[What you need to do]: Stop after the line containing "BASIC KATOEN |"; retype every line of the data before it exactly, starting from the first.

[Record excerpts]:

· · · · · · ·

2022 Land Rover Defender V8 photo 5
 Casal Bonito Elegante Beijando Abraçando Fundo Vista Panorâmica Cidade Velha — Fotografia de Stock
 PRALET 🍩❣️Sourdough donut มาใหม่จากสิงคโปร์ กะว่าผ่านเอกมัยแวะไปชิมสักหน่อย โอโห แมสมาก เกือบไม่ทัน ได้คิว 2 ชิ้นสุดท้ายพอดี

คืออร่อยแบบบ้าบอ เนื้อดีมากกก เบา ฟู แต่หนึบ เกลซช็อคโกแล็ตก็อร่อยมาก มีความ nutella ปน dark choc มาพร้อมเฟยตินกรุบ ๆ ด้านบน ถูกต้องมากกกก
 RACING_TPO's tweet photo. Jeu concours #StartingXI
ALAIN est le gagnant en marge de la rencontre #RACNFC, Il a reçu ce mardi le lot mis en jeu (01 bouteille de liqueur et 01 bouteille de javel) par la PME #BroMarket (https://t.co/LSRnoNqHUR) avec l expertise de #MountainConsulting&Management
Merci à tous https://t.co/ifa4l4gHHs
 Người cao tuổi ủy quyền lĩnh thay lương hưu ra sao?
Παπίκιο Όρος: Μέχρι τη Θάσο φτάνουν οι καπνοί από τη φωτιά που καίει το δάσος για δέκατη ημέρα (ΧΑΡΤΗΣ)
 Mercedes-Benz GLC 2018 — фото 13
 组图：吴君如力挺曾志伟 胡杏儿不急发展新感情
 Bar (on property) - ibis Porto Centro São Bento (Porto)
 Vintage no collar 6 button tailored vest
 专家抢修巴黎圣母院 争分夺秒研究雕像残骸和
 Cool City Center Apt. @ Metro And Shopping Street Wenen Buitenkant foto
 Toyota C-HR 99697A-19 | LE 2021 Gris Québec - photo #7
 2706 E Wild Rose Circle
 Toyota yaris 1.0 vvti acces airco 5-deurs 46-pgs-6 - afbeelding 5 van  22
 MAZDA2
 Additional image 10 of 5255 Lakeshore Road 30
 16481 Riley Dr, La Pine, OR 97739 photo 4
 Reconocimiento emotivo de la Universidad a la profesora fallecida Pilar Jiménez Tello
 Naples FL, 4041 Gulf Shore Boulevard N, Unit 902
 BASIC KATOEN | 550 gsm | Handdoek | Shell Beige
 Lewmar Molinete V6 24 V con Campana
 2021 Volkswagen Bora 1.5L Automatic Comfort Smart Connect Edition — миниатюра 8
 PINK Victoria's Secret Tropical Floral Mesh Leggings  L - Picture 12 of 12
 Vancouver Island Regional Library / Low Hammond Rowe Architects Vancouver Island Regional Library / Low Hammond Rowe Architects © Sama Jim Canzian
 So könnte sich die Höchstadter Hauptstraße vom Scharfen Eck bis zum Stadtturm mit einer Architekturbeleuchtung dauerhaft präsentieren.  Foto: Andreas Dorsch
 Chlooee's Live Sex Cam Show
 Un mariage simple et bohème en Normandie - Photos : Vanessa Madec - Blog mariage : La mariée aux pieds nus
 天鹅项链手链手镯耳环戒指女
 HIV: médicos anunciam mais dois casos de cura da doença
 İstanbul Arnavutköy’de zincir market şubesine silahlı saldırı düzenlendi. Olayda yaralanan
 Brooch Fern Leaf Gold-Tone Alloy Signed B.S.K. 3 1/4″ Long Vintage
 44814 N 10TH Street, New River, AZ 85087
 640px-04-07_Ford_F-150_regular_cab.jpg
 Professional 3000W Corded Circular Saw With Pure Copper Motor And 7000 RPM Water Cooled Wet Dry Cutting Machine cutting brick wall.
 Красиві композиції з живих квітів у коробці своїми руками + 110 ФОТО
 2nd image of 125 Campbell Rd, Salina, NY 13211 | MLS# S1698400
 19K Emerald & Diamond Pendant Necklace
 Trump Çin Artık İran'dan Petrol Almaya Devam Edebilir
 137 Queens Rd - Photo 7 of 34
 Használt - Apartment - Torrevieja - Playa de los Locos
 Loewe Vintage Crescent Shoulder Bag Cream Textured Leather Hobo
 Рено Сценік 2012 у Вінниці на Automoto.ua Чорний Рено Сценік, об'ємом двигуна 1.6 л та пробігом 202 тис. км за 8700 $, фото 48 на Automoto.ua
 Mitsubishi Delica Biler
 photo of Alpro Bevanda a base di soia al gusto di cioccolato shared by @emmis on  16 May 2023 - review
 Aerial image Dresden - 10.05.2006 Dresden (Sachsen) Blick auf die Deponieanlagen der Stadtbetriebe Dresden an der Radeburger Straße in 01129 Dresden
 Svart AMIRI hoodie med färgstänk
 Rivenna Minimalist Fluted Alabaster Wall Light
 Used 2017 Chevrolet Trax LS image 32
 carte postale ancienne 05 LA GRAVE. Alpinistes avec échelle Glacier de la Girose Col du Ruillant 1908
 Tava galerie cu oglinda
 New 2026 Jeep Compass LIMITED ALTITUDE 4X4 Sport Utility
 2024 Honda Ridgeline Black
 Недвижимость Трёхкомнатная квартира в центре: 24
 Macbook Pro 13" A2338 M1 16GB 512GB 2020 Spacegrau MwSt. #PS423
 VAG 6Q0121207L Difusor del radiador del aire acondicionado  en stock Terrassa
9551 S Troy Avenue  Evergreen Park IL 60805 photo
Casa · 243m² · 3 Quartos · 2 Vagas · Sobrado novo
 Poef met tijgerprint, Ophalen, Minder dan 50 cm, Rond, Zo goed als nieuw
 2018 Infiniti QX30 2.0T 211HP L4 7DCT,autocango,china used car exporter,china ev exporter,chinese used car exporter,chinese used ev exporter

· · · · · · ·

[Expected output]:
2022 Land Rover Defender V8 photo 5
 Casal Bonito Elegante Beijando Abraçando Fundo Vista Panorâmica Cidade Velha — Fotografia de Stock
 PRALET 🍩❣️Sourdough donut มาใหม่จากสิงคโปร์ กะว่าผ่านเอกมัยแวะไปชิมสักหน่อย โอโห แมสมาก เกือบไม่ทัน ได้คิว 2 ชิ้นสุดท้ายพอดี

คืออร่อยแบบบ้าบอ เนื้อดีมากกก เบา ฟู แต่หนึบ เกลซช็อคโกแล็ตก็อร่อยมาก มีความ nutella ปน dark choc มาพร้อมเฟยตินกรุบ ๆ ด้านบน ถูกต้องมากกกก
 RACING_TPO's tweet photo. Jeu concours #StartingXI
ALAIN est le gagnant en marge de la rencontre #RACNFC, Il a reçu ce mardi le lot mis en jeu (01 bouteille de liqueur et 01 bouteille de javel) par la PME #BroMarket (https://t.co/LSRnoNqHUR) avec l expertise de #MountainConsulting&Management
Merci à tous https://t.co/ifa4l4gHHs
 Người cao tuổi ủy quyền lĩnh thay lương hưu ra sao?
Παπίκιο Όρος: Μέχρι τη Θάσο φτάνουν οι καπνοί από τη φωτιά που καίει το δάσος για δέκατη ημέρα (ΧΑΡΤΗΣ)
 Mercedes-Benz GLC 2018 — фото 13
 组图：吴君如力挺曾志伟 胡杏儿不急发展新感情
 Bar (on property) - ibis Porto Centro São Bento (Porto)
 Vintage no collar 6 button tailored vest
 专家抢修巴黎圣母院 争分夺秒研究雕像残骸和
 Cool City Center Apt. @ Metro And Shopping Street Wenen Buitenkant foto
 Toyota C-HR 99697A-19 | LE 2021 Gris Québec - photo #7
 2706 E Wild Rose Circle
 Toyota yaris 1.0 vvti acces airco 5-deurs 46-pgs-6 - afbeelding 5 van  22
 MAZDA2
 Additional image 10 of 5255 Lakeshore Road 30
 16481 Riley Dr, La Pine, OR 97739 photo 4
 Reconocimiento emotivo de la Universidad a la profesora fallecida Pilar Jiménez Tello
 Naples FL, 4041 Gulf Shore Boulevard N, Unit 902
 BASIC KATOEN | 550 gsm | Handdoek | Shell Beige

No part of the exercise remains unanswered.